Scarpa Vapor V 2015 ReviewSeptember 1, 2015
- Comfortable when tight
- Conforms to your foot
- Excels at most angles
- Not very sensitive
- Doesn’t grab holds on roofs
- Too wide for narrow feet
The Vapor V 2015 is an all-around, high-end shoe for indoors and out. The slight downturn and asymmetry of the last makes it aggressive yet comfortable, whether on slabs or 45-degree overhangs. Climbers with normal to wide feet will fit the Vapor V 2015 comfortably even when tight. Climbers with a narrow forefoot may not get the vacuum fit.
If there’s one shoe that can do it all, comfortably, it’s this one. Perfect for edges and pockets at crags like Smith Rock, Eldorado Canyon or Ten Sleep, the Vapor V 2015 also dominates such varied terrain as granite slabs, limestone overhangs and multi-pitch routes. Generous toe and heel rubber make these above average for hooking and scumming, but with a semi-stiff forefoot they’re not quite soft or flexible enough to grab holds on roofs. Its relaxed fit may have you donning a more aggressive shoe for your hardest sends.

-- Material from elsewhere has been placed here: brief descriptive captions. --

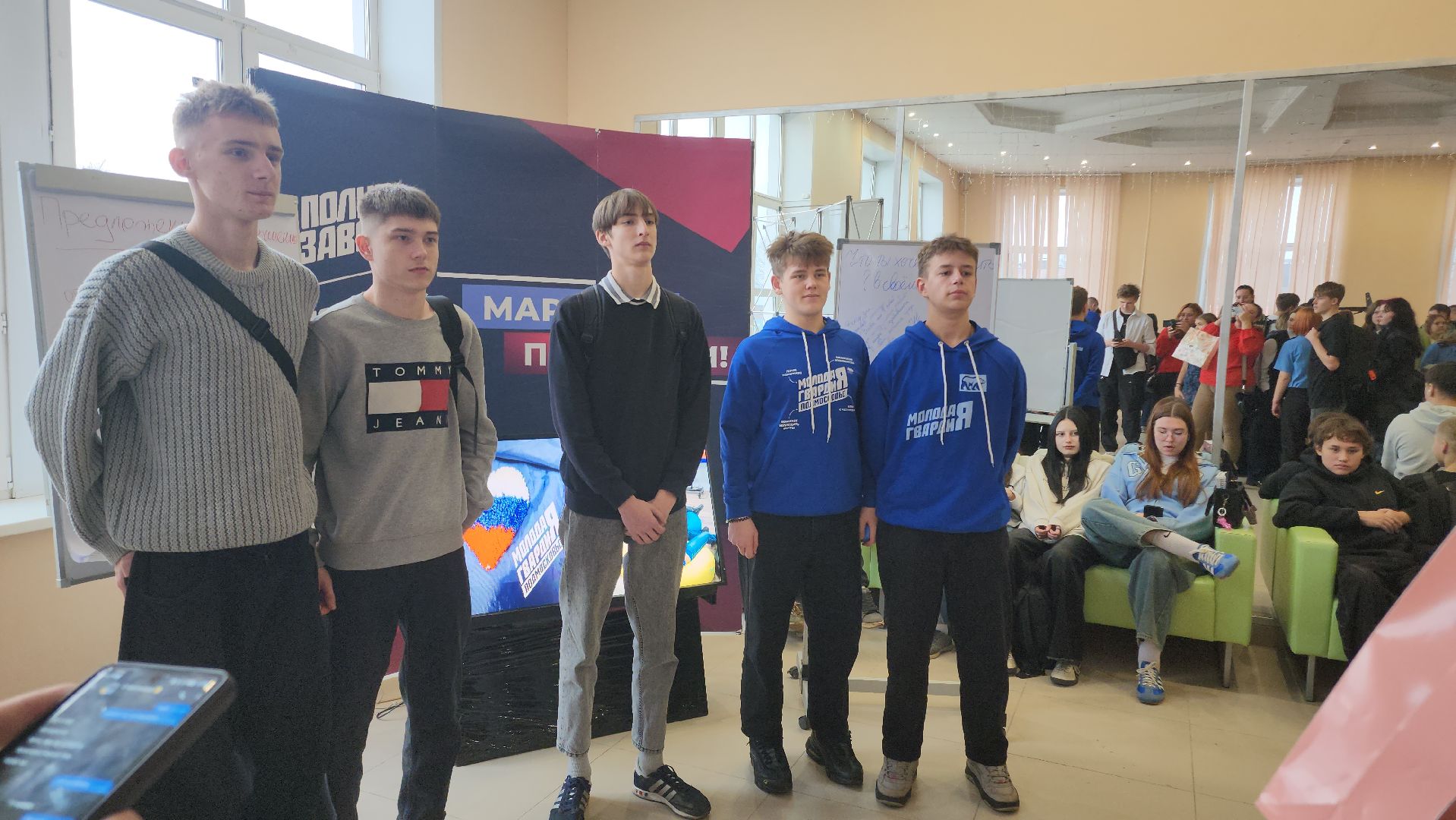 Егорьевск , Подмосковье , Московская область , Мгер,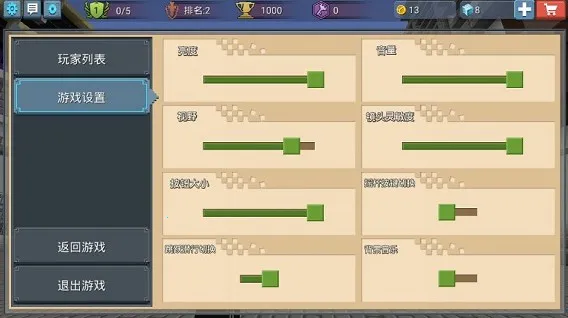 ���鱤��2025���°汾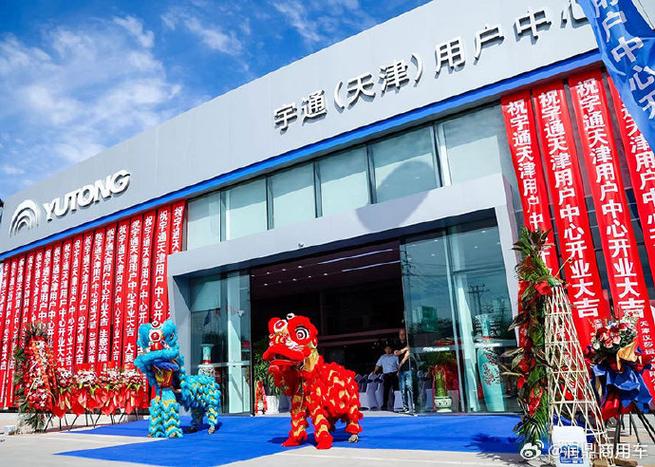 天津圆通万达公司电话是多少？-第1张图片-陕西物流货运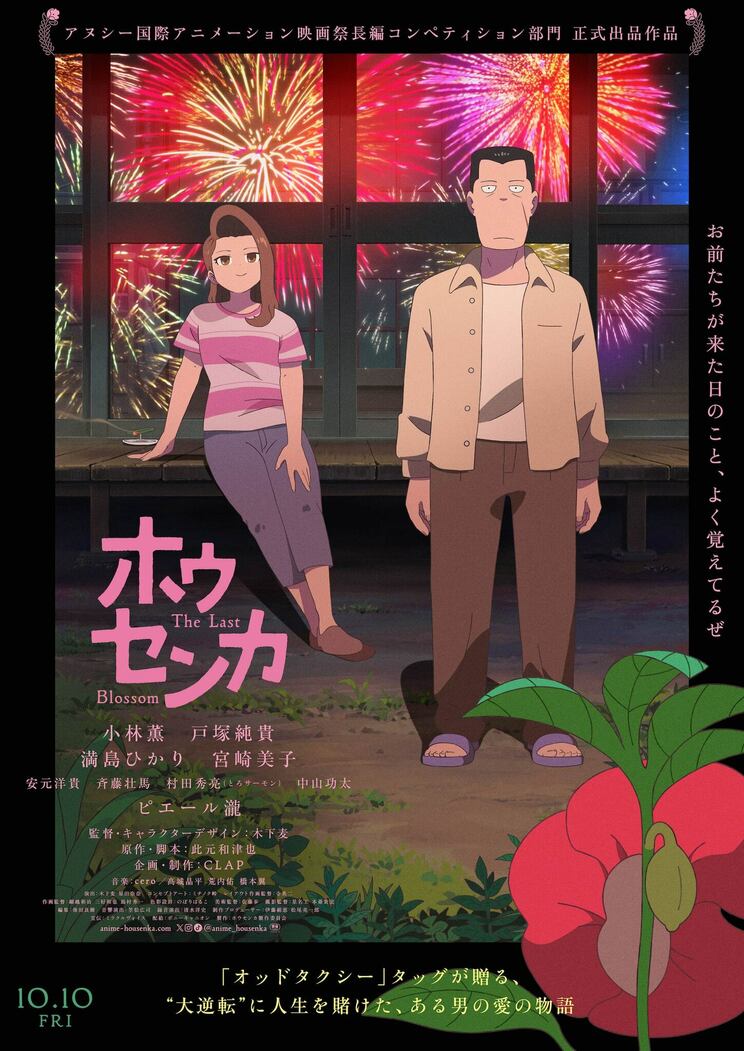 ©此元和津也／ホウセンカ製作委員会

This is one of the Vapor V 2015’s strong points, especially on slightly under to slightly over vertical terrain. A thin midsole and durable, Vibram XS Edge rubber helped testers stand confidently on tiny holds while being sensitive enough to allow them to feel when they should readjust a foot. The wide forefoot (standard for Scarpa) fits high-volume feet perfectly, to be able to edge on credit card edges without killing toes.
Despite their semi-stiffness, these shoes smear with aplomb. The slight downturn of the sole becomes flat with full bodyweight. This gave testers the full surface area for excellent smearing.
It’s always a balance between stiffness and sensitivity, and these lean toward stiffness. They’re sensitive for a moderately stiff shoe, but they’re no Instinct S.
Testers wore these babies on sandstone finger cracks and corners up to 5.12 and they performed surprisingly well. When jamming/smearing in a corner the sticky rand and toe rubber kept one tester from slipping off. The narrow toe profile can also stuff into ring-lock sized cracks and above, where the semi-stiff platform kept toes from screaming in pain.
At 4mm thick (average for shoes in this review), the Vibram XS Edge feels clunky out of the box. But after a few pitches the shoe conforms to the climbers’ forefoot and the rubber breaks in, giving you a durable platform that becomes more sensitive with use.
At the low end of shoe prices in this review, the Vapor V 2015 is an excellent value.